Though no one had suspected the “water-wagtail” of such forethought, it was no matter of surprise that the young heiress, shut up in the plague-stricken house, should dispose of her estates, and before night-fall the physician brought Alexander, the chief of the Senate, to the garden gate by her desire, and there they spoke to each other without opening it. He was an old friend of her father’s, and since the death of the Mukaukas, had been her guardian; he now agreed to stand as her Kyrios, and as such he ratified her will and the signature, though she would not allow him to read the document.
Finally she went to the slaves quarters, from whence a few more sufferers had been removed to the Necropolis, and desired her boatman to get the holiday barge in readiness early in the morning, as she purposed seeing the ceremonial from the river. She gave particular orders to the gardener as to how it was to be decorated, and what flowers he was to cut for her personal adornment.
She went to bed far less excited than she had been the night before, and before she had ended her evening prayer, slumber overtook her weary brain.

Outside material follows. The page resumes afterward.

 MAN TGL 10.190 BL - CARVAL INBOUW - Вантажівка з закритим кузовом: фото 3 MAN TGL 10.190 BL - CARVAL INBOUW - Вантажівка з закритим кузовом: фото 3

When she awoke at sunrise, the large and splendid boat, which her father had had built at great cost in Alexandria, was manned and ready to put out. No one interfered to prevent her embarking with Anubis and a few female servants, for all the guards who had surrounded the house till yesterday had been withdrawn to do duty at the great ceremonial of the marriage and sacrifice, since a popular tumult was not unlikely to arise.
A great number of persons had collected during the night on the quay near Nesptah’s inn. The crowd was increasing every minute, and in spite of the intense heat, not a Memphite could bear to stop within doors, Men, women and children were flocking to the scene of the festival; they came in thousands from the neighboring towns, hamlets and villages, to witness the unprecedented sacrifice which was to put an end to the misery of the land. Who had ever heard of such a marriage? What a privilege, what a happiness, to be so fortunate as to see it!
The senate had not been idle and had done all in their power to surround it with magnificence and to enable as many as possible to enjoy the pageant, which had been planned with a lavish hand and liberal munificence.
Round the cove by Nesptah’s inn a semi-circular wooden stand had been constructed, on which thousands found seats or standing-room. Stalls furnished with hangings were erected in the middle of the tribune for the authorities and their families as well as for the leading Arab officials, and arm-chairs were placed in them for the Vekeel, for the Kadi, for the head of the senate, for old Horapollo and also for the Christian priesthood, though it was well known that they would not be present at the ceremony.